# What to do:
Please write out the full listing beneath this line exactly, skipping its images.

# Data provided:

# # # # # # #

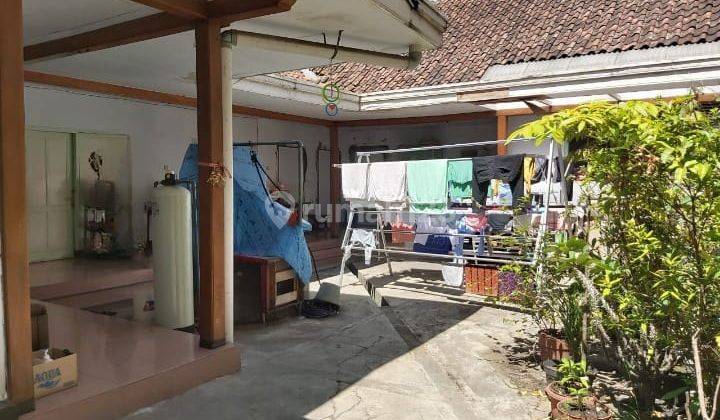 Rumah Strategis Pinggir Jalan Ramai di Jl.Gatot Subroto Bandung 2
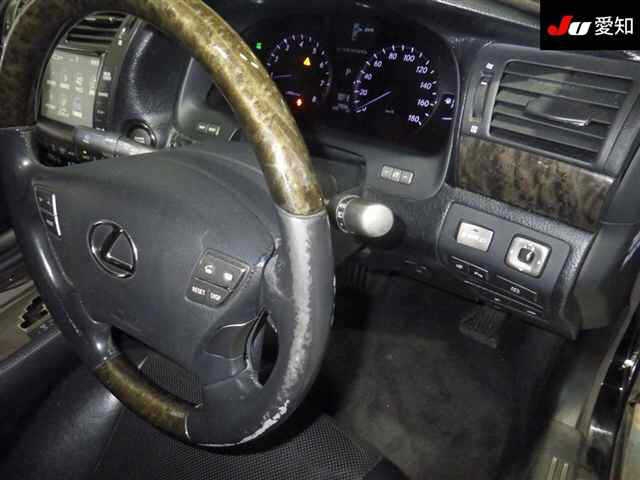 LEXUS LS460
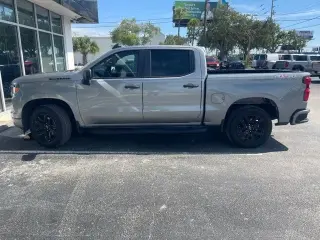 Chevrolet Silverado 1500 2024 4x4 Custom 4dr Crew Cab 5.8 pies SB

# # # # # # #

# Your solution:
 Rumah Strategis Pinggir Jalan Ramai di Jl.Gatot Subroto Bandung 2
 LEXUS LS460
 Chevrolet Silverado 1500 2024 4x4 Custom 4dr Crew Cab 5.8 pies SB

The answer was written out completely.